» WHAT THE TASK REQUIRES: Please repeat exactly the lines from the one containing "10' x 14' Lean" through the last line of the records below, leaving out any pictures.

» SUPPLIED DATA:
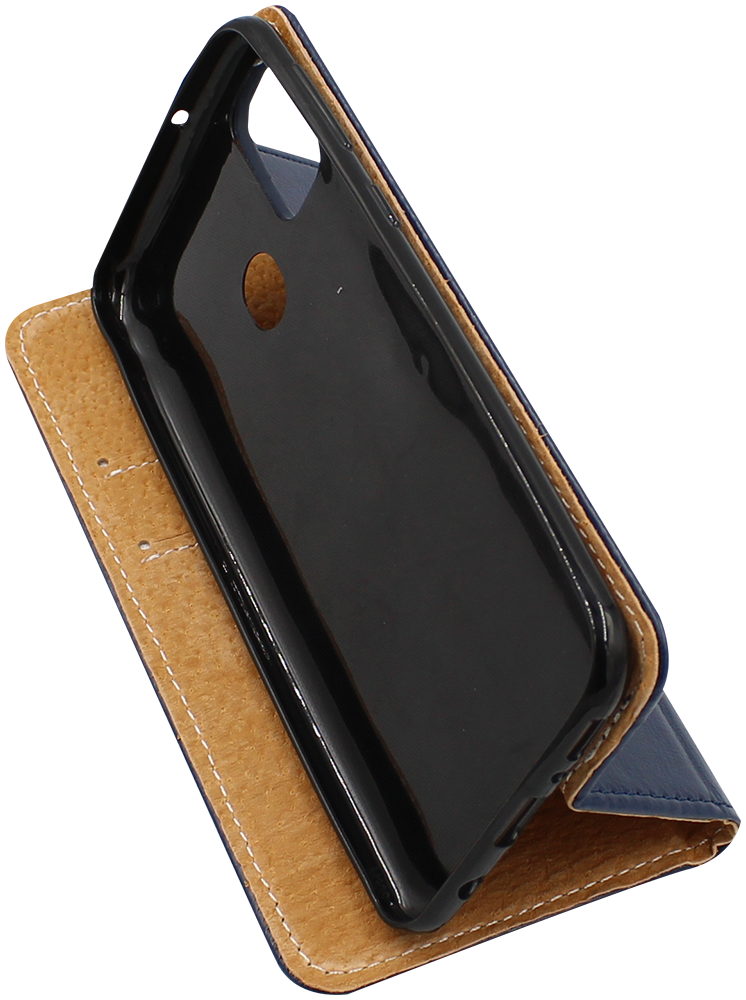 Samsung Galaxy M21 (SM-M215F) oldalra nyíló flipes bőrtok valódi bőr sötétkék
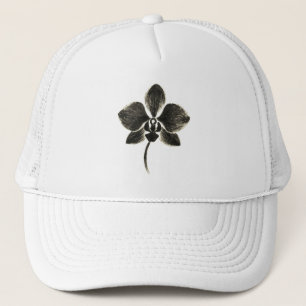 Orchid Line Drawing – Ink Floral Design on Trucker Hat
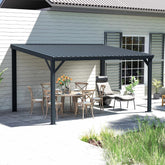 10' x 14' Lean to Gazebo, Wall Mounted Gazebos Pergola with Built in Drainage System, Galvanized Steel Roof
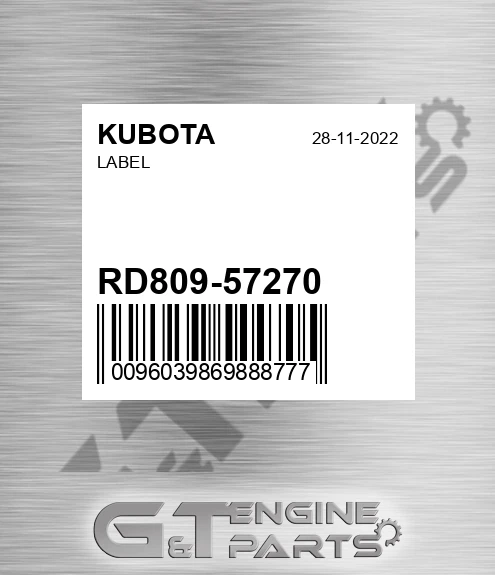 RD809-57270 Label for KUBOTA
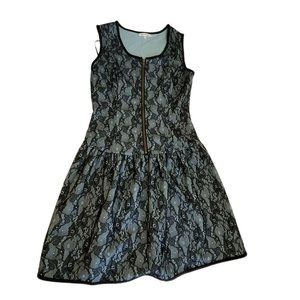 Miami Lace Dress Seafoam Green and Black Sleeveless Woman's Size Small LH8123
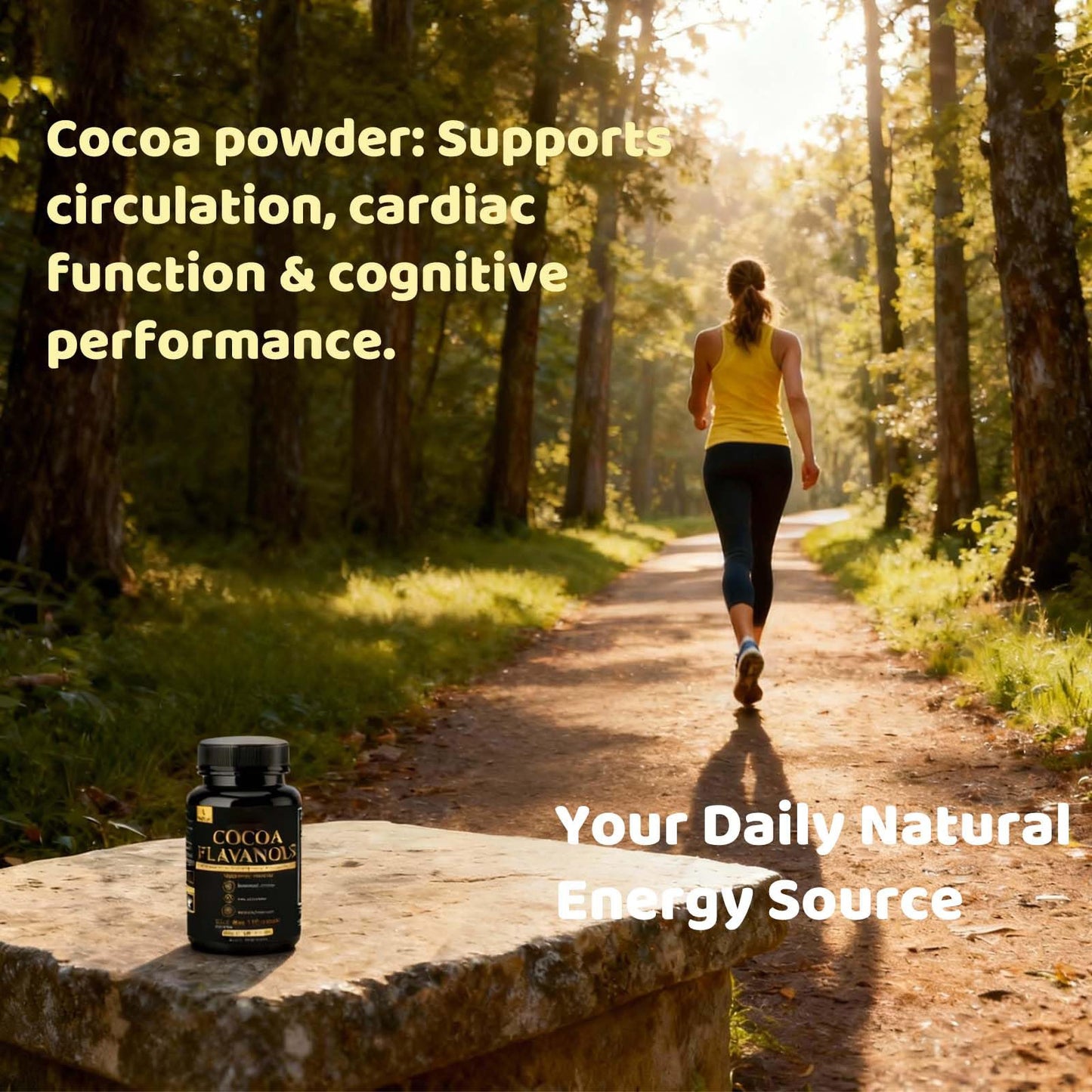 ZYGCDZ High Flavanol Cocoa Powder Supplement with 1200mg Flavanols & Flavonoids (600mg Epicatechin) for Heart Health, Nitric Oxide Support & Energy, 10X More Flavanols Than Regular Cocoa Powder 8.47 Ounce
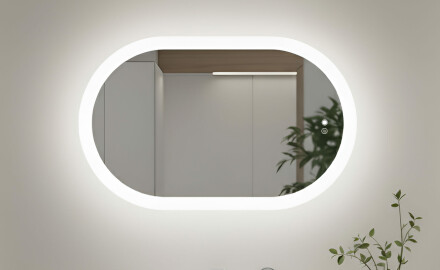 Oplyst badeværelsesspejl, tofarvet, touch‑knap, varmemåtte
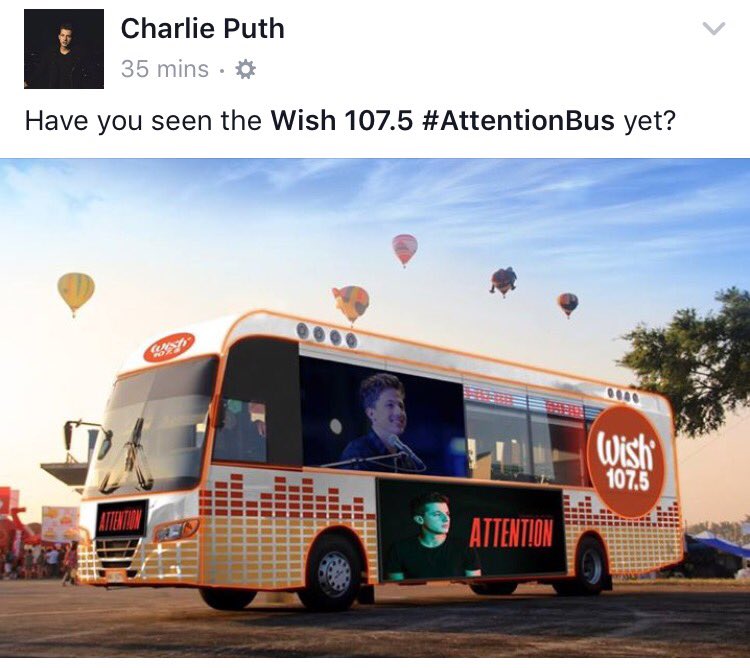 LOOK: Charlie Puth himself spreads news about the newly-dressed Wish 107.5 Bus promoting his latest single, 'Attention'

» WRITTEN RESPONSE:
 10' x 14' Lean to Gazebo, Wall Mounted Gazebos Pergola with Built in Drainage System, Galvanized Steel Roof
 RD809-57270 Label for KUBOTA
 Miami Lace Dress Seafoam Green and Black Sleeveless Woman's Size Small LH8123
 ZYGCDZ High Flavanol Cocoa Powder Supplement with 1200mg Flavanols & Flavonoids (600mg Epicatechin) for Heart Health, Nitric Oxide Support & Energy, 10X More Flavanols Than Regular Cocoa Powder 8.47 Ounce
 Oplyst badeværelsesspejl, tofarvet, touch‑knap, varmemåtte
 LOOK: Charlie Puth himself spreads news about the newly-dressed Wish 107.5 Bus promoting his latest single, 'Attention'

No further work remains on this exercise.